→ **RECORDS SHOWN**

● ● ● ●

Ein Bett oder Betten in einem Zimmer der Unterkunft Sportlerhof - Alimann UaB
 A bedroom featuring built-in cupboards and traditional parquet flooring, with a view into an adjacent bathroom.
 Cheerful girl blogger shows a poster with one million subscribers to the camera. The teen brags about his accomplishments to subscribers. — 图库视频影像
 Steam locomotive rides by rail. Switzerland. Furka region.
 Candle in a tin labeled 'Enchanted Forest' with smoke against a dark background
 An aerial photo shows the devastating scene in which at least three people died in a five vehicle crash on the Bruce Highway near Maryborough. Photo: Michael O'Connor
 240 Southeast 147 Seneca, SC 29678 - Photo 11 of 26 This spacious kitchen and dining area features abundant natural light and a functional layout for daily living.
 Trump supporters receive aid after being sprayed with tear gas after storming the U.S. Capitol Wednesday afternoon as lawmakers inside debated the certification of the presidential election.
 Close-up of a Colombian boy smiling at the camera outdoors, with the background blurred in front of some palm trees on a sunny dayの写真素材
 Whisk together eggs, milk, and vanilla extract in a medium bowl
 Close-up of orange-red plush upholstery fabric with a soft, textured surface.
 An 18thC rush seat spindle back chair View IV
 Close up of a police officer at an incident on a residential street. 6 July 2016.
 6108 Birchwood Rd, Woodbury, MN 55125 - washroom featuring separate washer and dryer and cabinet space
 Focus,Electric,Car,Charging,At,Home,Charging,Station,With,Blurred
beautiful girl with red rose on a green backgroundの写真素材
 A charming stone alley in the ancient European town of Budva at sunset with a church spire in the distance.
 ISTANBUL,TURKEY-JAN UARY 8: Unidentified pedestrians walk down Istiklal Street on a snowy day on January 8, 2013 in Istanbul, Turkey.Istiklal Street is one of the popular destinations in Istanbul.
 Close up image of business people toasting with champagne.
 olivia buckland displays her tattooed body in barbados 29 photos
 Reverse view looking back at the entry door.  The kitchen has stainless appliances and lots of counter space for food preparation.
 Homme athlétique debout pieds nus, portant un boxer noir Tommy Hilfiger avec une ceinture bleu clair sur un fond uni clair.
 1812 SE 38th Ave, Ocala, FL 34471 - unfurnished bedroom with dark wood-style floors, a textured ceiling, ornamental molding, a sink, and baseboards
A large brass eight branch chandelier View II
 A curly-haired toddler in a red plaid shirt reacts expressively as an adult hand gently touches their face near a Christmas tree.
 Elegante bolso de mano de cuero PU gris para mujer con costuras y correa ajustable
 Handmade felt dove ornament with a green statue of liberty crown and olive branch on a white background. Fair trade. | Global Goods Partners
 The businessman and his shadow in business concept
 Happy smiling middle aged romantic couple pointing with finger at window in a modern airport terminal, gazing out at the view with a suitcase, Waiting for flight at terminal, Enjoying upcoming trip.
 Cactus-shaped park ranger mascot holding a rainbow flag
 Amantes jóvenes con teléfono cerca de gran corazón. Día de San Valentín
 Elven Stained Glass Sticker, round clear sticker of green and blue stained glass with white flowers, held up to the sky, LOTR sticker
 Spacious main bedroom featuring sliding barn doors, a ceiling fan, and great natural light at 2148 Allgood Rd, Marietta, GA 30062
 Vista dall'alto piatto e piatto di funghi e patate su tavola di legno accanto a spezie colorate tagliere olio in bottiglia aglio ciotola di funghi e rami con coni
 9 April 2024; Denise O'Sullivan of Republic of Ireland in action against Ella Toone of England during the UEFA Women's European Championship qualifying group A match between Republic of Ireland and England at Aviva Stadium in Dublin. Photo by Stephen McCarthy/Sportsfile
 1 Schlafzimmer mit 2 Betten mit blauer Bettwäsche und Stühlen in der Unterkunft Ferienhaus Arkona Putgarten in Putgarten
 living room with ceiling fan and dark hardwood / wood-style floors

● ● ● ●

→ **WHAT YOU ARE ASKED TO DO**
Copy whichever lines in the listing above contain the word "bedroom".

→ **SOLUTION**
 A bedroom featuring built-in cupboards and traditional parquet flooring, with a view into an adjacent bathroom.
 1812 SE 38th Ave, Ocala, FL 34471 - unfurnished bedroom with dark wood-style floors, a textured ceiling, ornamental molding, a sink, and baseboards
 Spacious main bedroom featuring sliding barn doors, a ceiling fan, and great natural light at 2148 Allgood Rd, Marietta, GA 30062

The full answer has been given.